───── Data to use
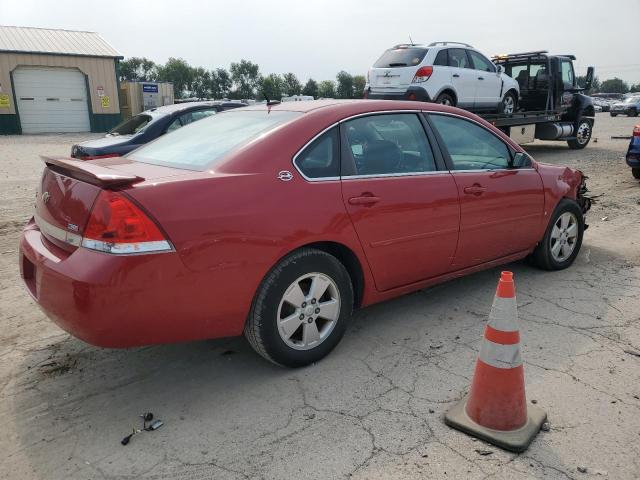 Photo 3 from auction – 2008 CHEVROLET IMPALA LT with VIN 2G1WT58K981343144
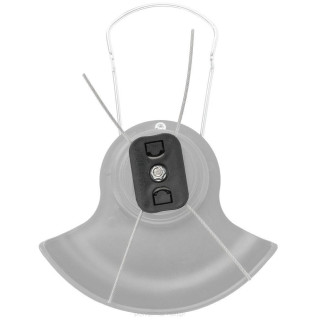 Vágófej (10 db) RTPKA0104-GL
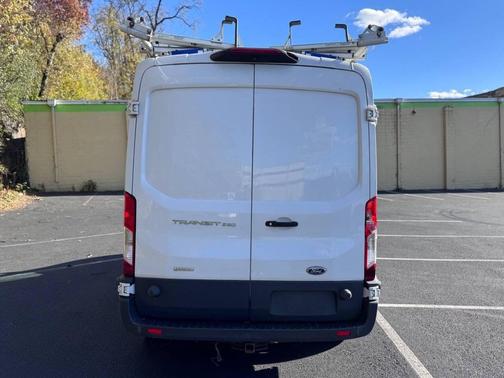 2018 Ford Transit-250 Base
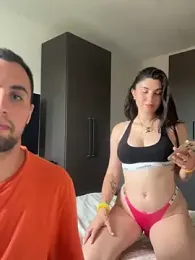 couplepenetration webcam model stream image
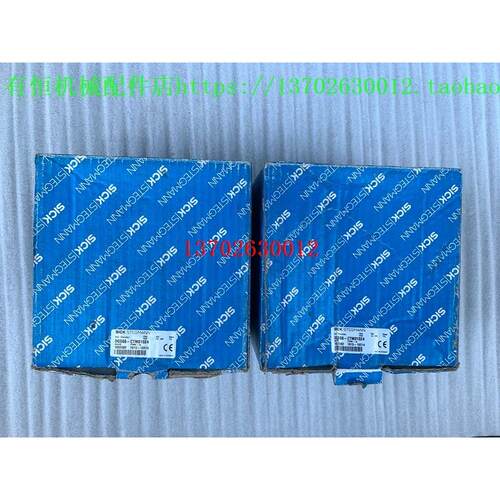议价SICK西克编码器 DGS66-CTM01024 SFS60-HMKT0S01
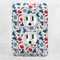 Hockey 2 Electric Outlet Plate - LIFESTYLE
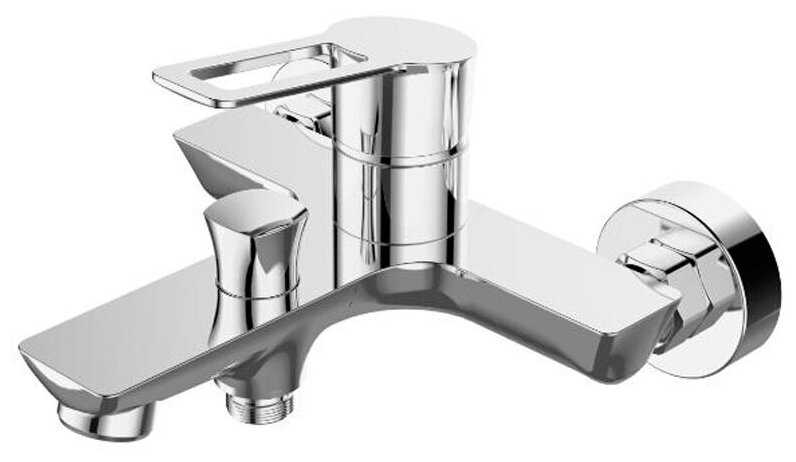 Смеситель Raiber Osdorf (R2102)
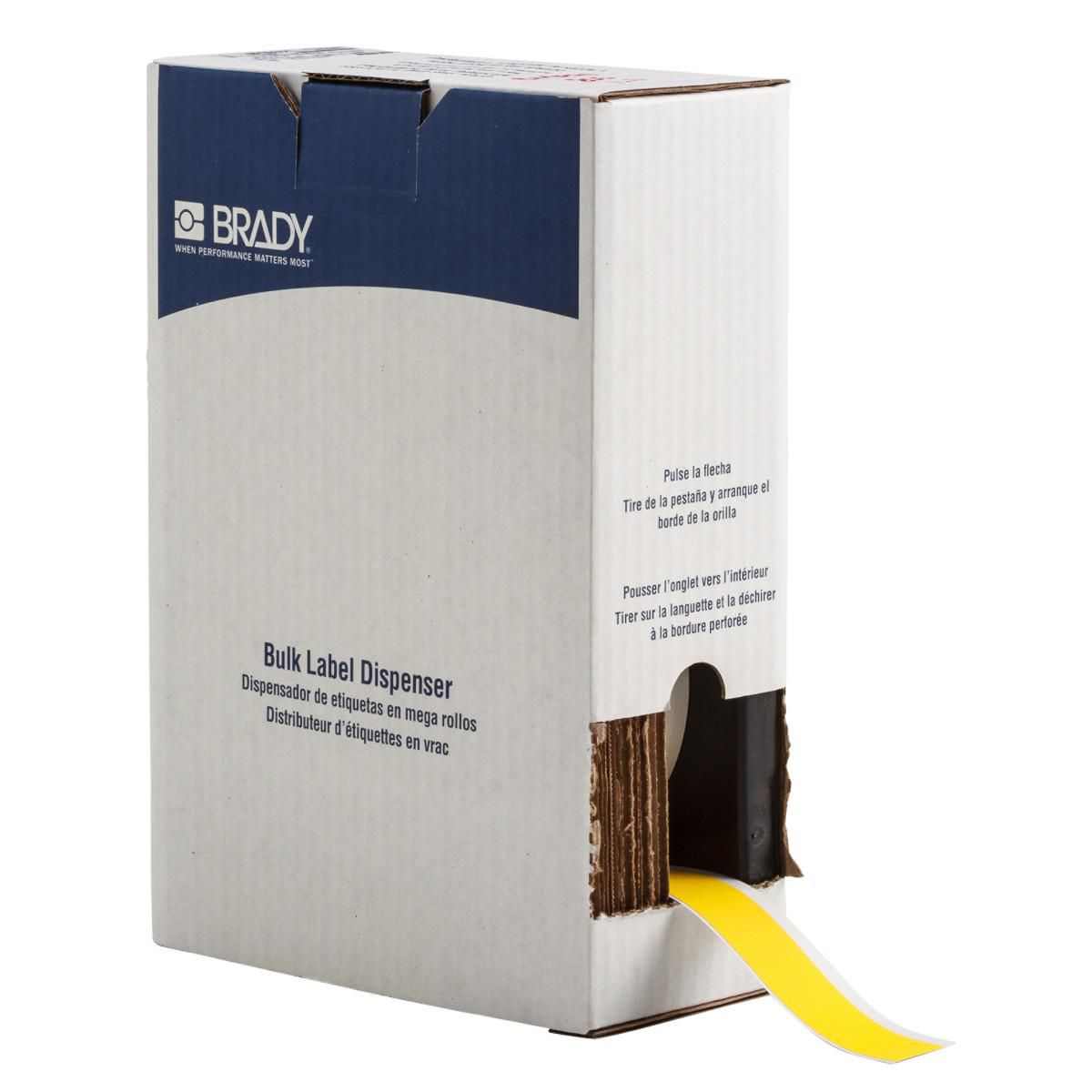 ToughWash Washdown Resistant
──────────
Brief:
Repeat exactly the lines in the entries from the one containing "Hockey 2 Electric Outlet Plate - LIFESTYLE" to the final line, inclusive, and nothing beyond them; skip pictures.

Solution below:
 Hockey 2 Electric Outlet Plate - LIFESTYLE
 Смеситель Raiber Osdorf (R2102)
 ToughWash Washdown Resistant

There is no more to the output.